Comparing Labeled Markov Chains: A Cantor-Kantorovich Approach
Adrien Banse, Alessandro Abate, Raphaël M. Jungers
TL;DR
The paper addresses how to compare Labeled Markov Chains (LMCs) by introducing the Cantor-Kantorovich (CK) distance, which arises from the Cantor topology on $A^\omega$ and can be written as a discounted sum of finite-horizon Total Variation distances: $d(\Sigma_1,\Sigma_2) = \sum_{i=1}^\infty \frac{m-1}{m^i} \mathrm{TV}(p_1^i, p_2^i)$. It establishes that exact CK computation is $\#\mathrm{P}$-hard, proves strong continuity properties and finite-horizon guarantees, and proposes a computable approximation scheme that is itself $\#\mathrm{P}$-hard to compute.

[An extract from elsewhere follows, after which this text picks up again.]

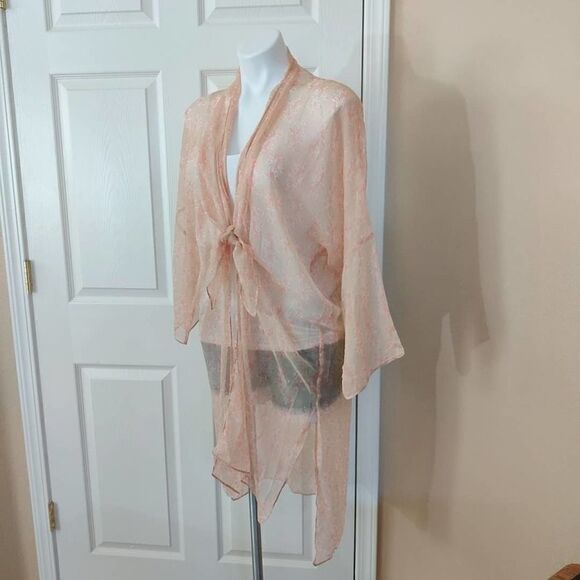 Vince Camuto sheer long silky floral open front drop shoulder kimono cardigan OS - Picture 5 of 11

The CK distance provides a rigorous, trace-based notion that captures transient behavior and aligns with Cantor-topology intuition, offering practical relevance for abstraction and perturbation analysis in probabilistic systems. Open questions remain on whether CK distance is computable in general and whether there exist efficient polynomial-time approximation methods.
Abstract
Labeled Markov Chains (or LMCs for short) are useful mathematical objects to model complex probabilistic languages. A central challenge is to compare two LMCs, for example to assess the accuracy of an abstraction or to quantify the effect of model perturbations. In this work, we study the recently introduced Cantor-Kantorovich (or CK) distance. In particular we show that the latter can be framed as a discounted sum of finite-horizon Total Variation distances, making it an instance of discounted linear distance, but arising from the natural Cantor topology. Building on the latter observation, we analyze the properties of the CK distance along three dimensions: computational complexity, continuity properties and approximation. More precisely, we show that the exact computation of the CK distance is #P-hard. We also provide an upper bound on the CK distance as a function of the approximation relation between the two LMCs, and show that a bounded CK distance implies a bounded error between probabilities of finite-horizon traces. Finally, we provide a computable approximation scheme, and show that the latter is also #P-hard. Altogether, our results provide a rigorous theoretical foundation for the CK distance and clarify its relationship with existing distances.